(Short web captions)
═══

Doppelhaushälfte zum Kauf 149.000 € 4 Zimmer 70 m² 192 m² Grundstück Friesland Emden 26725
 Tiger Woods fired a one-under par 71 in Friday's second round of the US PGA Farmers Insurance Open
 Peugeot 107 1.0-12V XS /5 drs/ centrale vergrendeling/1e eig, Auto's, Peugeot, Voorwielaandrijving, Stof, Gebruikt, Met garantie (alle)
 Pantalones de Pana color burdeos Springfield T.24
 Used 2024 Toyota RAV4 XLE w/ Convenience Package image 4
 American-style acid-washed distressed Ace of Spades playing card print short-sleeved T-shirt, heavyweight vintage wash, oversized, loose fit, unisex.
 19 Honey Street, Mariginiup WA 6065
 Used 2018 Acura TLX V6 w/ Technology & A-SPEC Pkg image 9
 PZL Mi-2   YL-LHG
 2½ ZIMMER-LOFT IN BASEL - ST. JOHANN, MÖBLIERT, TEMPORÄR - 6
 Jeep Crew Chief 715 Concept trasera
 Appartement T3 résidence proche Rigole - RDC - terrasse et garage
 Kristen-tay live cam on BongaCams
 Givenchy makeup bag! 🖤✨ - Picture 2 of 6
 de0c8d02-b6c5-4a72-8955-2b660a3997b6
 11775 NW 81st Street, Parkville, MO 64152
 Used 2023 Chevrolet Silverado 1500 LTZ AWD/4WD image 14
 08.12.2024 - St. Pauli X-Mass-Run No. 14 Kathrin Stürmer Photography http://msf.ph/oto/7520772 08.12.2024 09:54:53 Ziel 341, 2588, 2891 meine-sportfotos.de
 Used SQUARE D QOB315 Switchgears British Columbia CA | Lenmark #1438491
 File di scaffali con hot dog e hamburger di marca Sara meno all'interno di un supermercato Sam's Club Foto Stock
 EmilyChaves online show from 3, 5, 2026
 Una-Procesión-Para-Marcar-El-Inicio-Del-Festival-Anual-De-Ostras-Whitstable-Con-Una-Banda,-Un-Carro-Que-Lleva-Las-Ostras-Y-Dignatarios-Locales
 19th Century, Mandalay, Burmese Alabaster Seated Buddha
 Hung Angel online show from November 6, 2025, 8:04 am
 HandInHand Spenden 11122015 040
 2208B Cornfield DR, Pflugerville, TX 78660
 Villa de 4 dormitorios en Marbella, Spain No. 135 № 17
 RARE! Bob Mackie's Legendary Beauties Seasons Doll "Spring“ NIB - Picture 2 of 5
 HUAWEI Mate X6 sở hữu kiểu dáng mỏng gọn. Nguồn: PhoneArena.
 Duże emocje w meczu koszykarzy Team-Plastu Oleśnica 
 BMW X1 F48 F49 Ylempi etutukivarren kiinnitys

═══

PROBLEM TO SOLVE: Look above for the line holding "19 Honey Street, Mariginiup WA 6065" and the line holding "Givenchy makeup bag! 🖤✨ - Picture 2 of 6". Retype both, and every line between them, word for word and nothing else.

WRITTEN REPLY:
 19 Honey Street, Mariginiup WA 6065
 Used 2018 Acura TLX V6 w/ Technology & A-SPEC Pkg image 9
 PZL Mi-2   YL-LHG
 2½ ZIMMER-LOFT IN BASEL - ST. JOHANN, MÖBLIERT, TEMPORÄR - 6
 Jeep Crew Chief 715 Concept trasera
 Appartement T3 résidence proche Rigole - RDC - terrasse et garage
 Kristen-tay live cam on BongaCams
 Givenchy makeup bag! 🖤✨ - Picture 2 of 6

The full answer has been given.